Input for this task below:
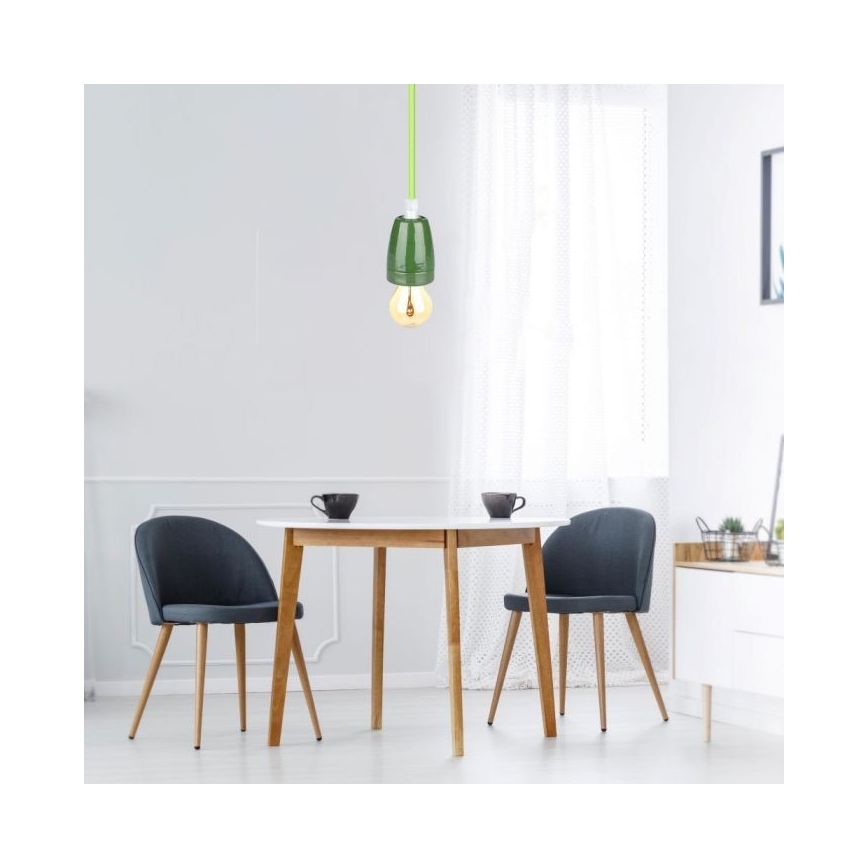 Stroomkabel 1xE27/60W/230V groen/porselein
End of Input for this task.
Input for this task below:
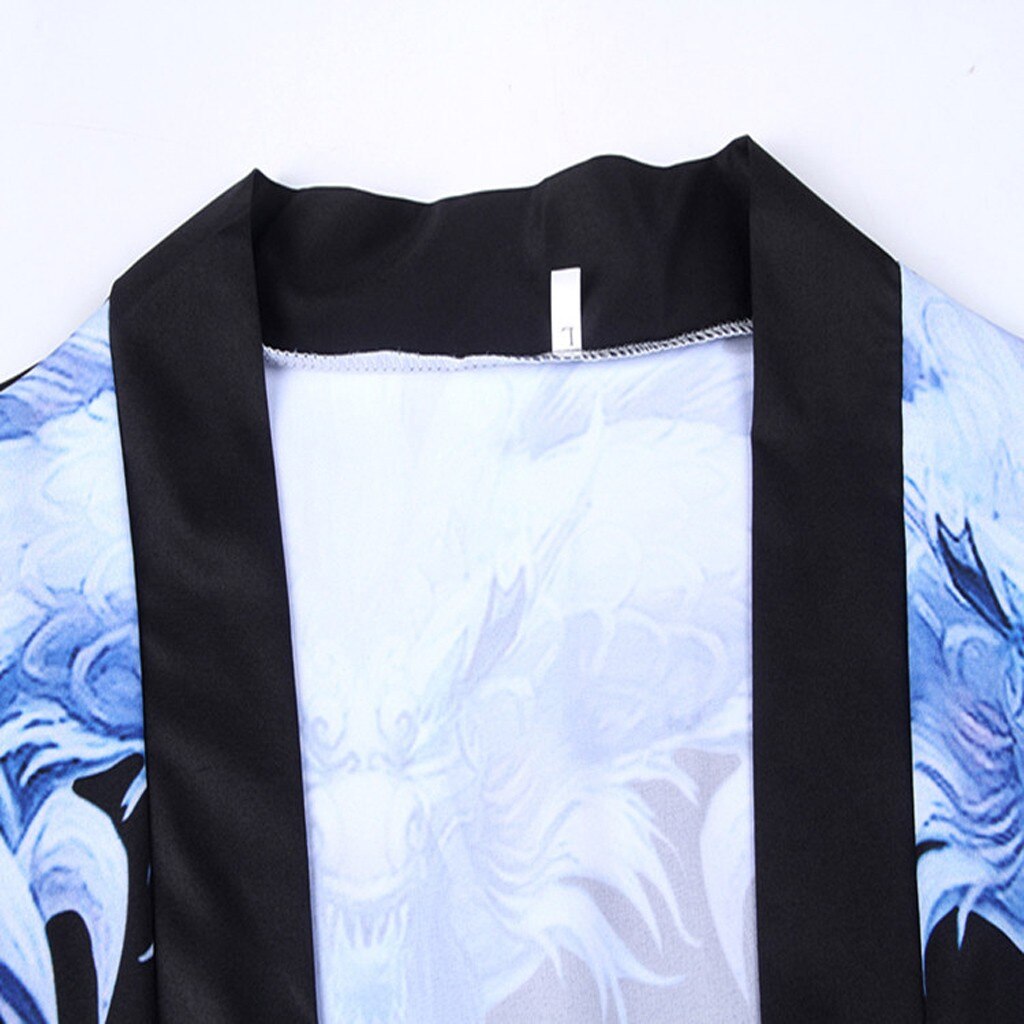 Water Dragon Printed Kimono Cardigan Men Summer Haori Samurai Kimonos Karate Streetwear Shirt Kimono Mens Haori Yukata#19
End of Input for this task.
Input for this task below:
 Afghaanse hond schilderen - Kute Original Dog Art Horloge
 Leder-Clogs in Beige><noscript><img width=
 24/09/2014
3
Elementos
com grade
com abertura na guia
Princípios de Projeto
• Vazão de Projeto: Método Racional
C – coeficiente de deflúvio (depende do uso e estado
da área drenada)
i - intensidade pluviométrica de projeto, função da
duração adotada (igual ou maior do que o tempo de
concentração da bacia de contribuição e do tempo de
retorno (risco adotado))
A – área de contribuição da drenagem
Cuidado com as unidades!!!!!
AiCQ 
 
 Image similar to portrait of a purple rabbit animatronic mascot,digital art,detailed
End of Input for this task.
> [The task] If a line in the material above contains the word "contribuição", copy it.

> [Final answer]
concentração da bacia de contribuição e do tempo de
A – área de contribuição da drenagem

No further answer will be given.